### TASK OBJECTIVE
Please restate word for word, and with nothing added, the lines that run from the one holding "this 640×480 image." to the end of the entries below.

== DATA IN THIS EXERCISE

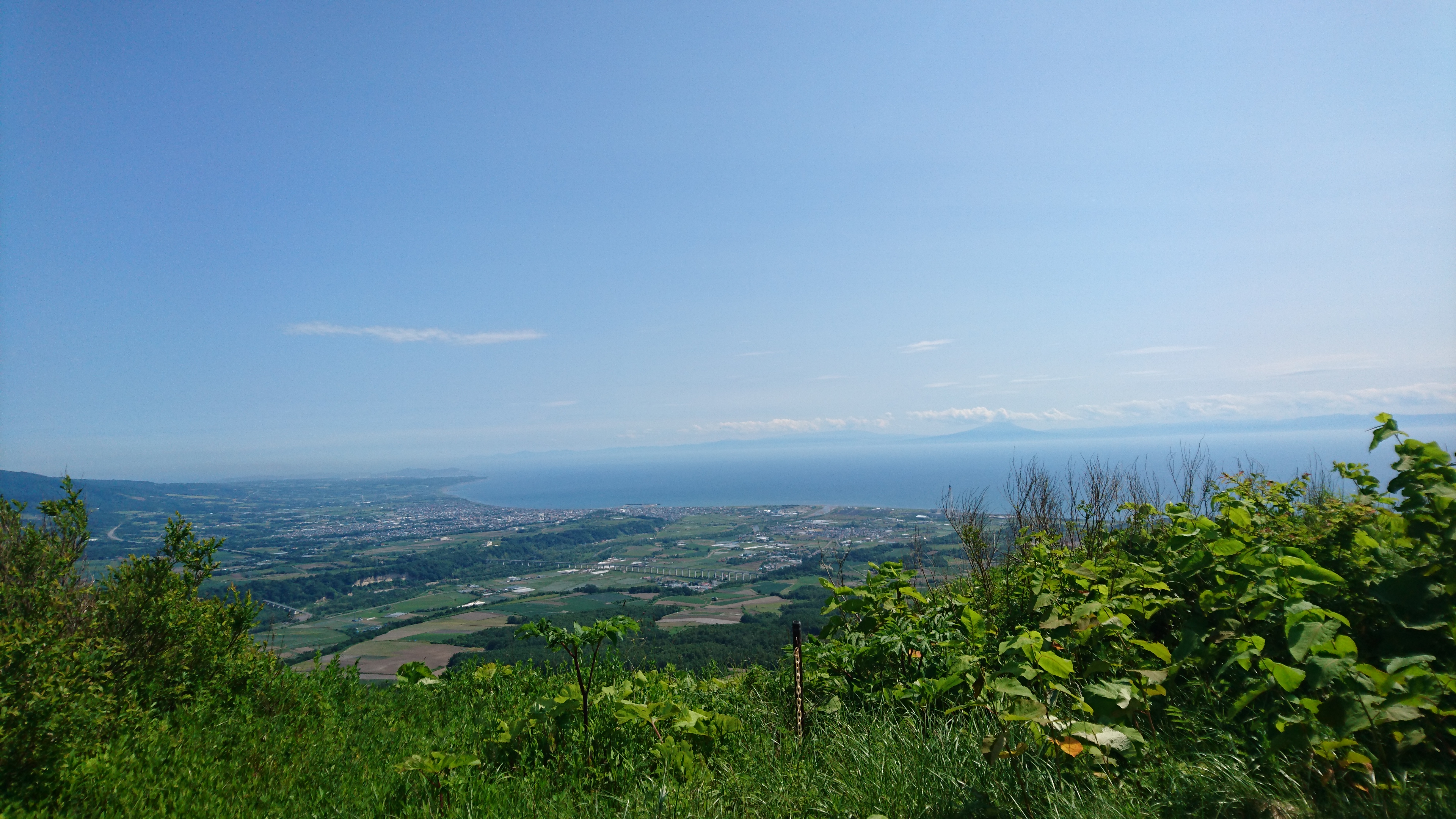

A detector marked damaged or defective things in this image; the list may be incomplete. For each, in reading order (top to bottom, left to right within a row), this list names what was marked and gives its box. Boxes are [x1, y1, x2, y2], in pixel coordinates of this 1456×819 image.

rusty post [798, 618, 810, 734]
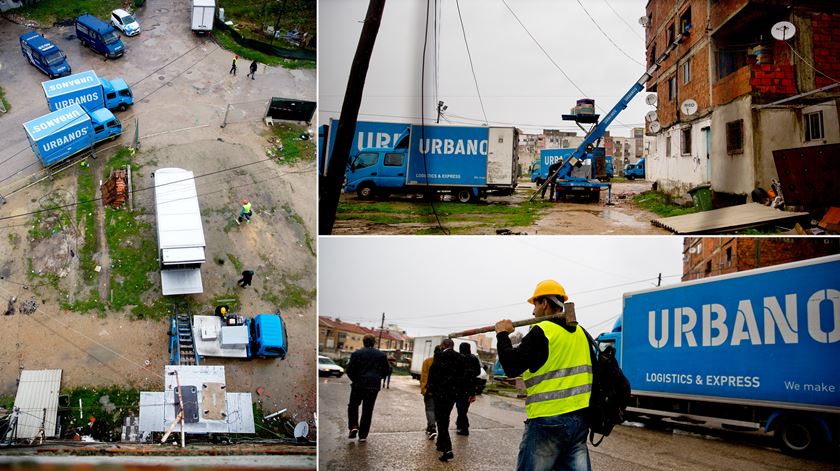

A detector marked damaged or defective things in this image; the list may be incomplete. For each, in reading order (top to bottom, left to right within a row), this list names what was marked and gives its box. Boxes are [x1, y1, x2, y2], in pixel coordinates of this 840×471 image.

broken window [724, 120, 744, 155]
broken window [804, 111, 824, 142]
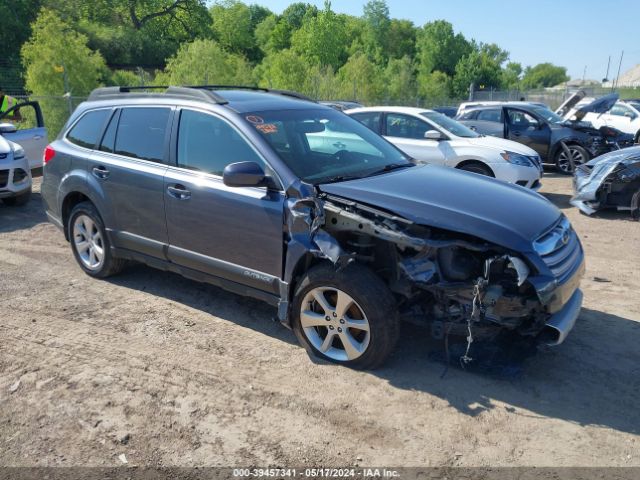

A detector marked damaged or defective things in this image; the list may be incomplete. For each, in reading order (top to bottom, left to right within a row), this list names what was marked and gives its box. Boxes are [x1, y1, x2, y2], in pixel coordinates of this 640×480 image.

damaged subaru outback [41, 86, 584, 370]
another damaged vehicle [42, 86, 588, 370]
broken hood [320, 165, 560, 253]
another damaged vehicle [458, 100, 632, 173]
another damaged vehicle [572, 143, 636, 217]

====

### WRITTEN SOLUTION
A detector marked damaged or defective things in this image; the list may be incomplete. For each, in reading order (top to bottom, left to right within a row), this list names what was marked and gives its box. Boxes are [x1, y1, x2, y2], in pixel coordinates of this 640×480 image.

damaged subaru outback [41, 86, 584, 370]
another damaged vehicle [42, 86, 588, 370]
broken hood [320, 165, 560, 253]
another damaged vehicle [458, 100, 632, 173]
another damaged vehicle [572, 143, 636, 217]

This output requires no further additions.